With the tiny point of my pinky fingernail I carved a tiny word into the waxy surface of the still life.
P-E-N-I-S
Penis. It was done in a couple of seconds. It was so small that the lady would never notice it, but justice would be served because her work would be forever tainted. Tainted by a penis. I wrapped it in acetate and delivered it with a smile on my face. The sub cracked her first smile all day as she gazed at her professionally displayed crap. I returned to my seat, equally content.
A few minutes later Cynthia, the stank B, walked up to me with an accomplished look. “I know what you did and I’m about to go tell Mr. Meadows right now.” she told me, like a mark-ace trick. I looked up towards the front of the room where a very pissed substitute teacher was glaring back at me and shaking her head. “Do you realize that she was going to give that picture to her granddaughter? Can you imagine what would happen if her poor little granddaughter saw that word? What do you have to say for yourself?”.
What a stank-ace B. Because of her I was going to end up going to the principle’s office for the first time in my life. I would have to hear Cynthia’s speech from my teacher, my principle, and my parents. I swallowed hard as Mr. Meadows asked me to come into the hall and have a talk.

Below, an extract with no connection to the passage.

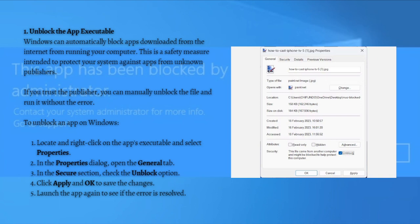Windows can automatically block apps downloaded from the internet from running on your computer. This is a safety measure intended to protect your system against apps from unknown publishers. So if you trust the publisher, you can manually unblock the file and run it without error. And to unblock an app on Windows,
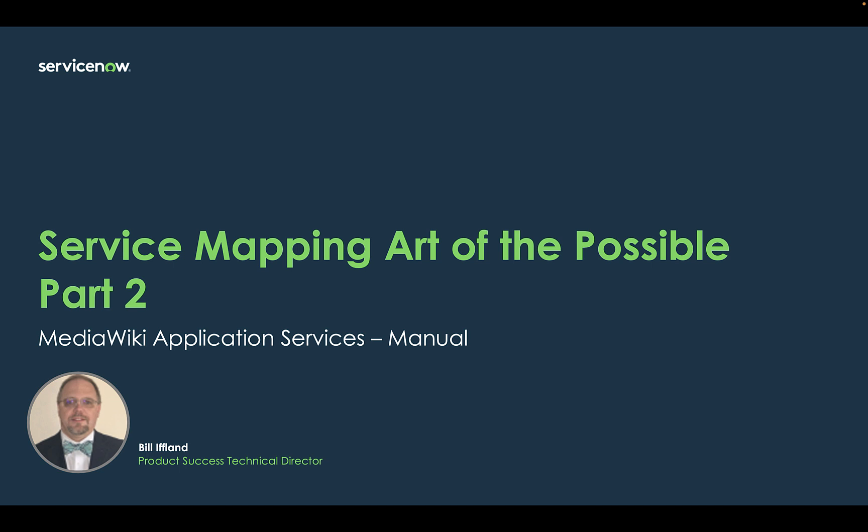Welcome everyone to part two of the Service Mapping Art of the Possible series. I'm Bill Ifland, Product Success Technical Director, and I'm thrilled to guide you through this next method of service mapping.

Mr. Meadows sternly stiffled a giggle as he informed he would have to tell Mrs. Strange about my crime. Mrs. Strange failed at holding back a giggle as she sent me to the principles office. Mr. Ross shook his head and giggled as he held up the tainted artwork and I explained my motives. He never called my parents, but when I did eventually tell my mother about the incident she giggled too. My school-assigned punishment was to apologize to the woman for what I had done, but she was gone the next day and never came back. She had slipped back into the substitute shuffle, and in her absence class became a little less entertaining.